La descomposición del Estado, y por tanto, su participación en actividades ilícitas, puede darse en distintos grados: “desde la corrupción de bajo nivel hasta la captura total del Estado, en la que el aparato estatal es el principal, y a veces único, perpetrador de violencia ilegítima, que a la vez puede ejercer un monopolio sobre los flujos ilícitos con impunidad”.

Bajo estas condiciones, la resiliencia se ve afectada cuando el propio Estado perpetra actividades ilícitas.

“Se puede argumentar que un país pierde su resiliencia al crimen organizado porque su participación en actividades criminales socava su papel como proveedor primario de los componentes fundamentales de la resiliencia, incluidos el Estado de derecho y protecciones sociales, económicas y políticas”.
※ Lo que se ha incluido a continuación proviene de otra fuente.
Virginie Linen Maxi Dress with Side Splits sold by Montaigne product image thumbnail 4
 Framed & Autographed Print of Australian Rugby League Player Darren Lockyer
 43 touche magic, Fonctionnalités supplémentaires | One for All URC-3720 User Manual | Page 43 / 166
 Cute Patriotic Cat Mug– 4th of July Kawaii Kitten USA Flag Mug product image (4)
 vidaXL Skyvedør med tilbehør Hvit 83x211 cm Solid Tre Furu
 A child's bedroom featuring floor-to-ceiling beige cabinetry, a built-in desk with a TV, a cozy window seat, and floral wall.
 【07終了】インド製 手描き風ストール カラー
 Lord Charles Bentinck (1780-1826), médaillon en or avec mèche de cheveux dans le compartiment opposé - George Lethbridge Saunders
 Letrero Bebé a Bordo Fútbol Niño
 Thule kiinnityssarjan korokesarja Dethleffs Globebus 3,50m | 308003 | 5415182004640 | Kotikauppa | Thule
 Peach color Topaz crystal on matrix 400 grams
Mientras más capturado se encuentra un Estado por la delincuencia organizada, menor será su capacidad para responder y combatir a los grupos criminales, señala el estudio

De igual forma, la resiliencia también puede resultar dañada si la acción del Estado está fuera de la ley.

“Las medidas destinadas a combatir el crimen organizado, pero que no cumplen con las normas, estándares y principios de derechos humanos internacionalmente aceptados, pueden contribuir a su vez a crear condiciones que arraiguen aún más la criminalidad”.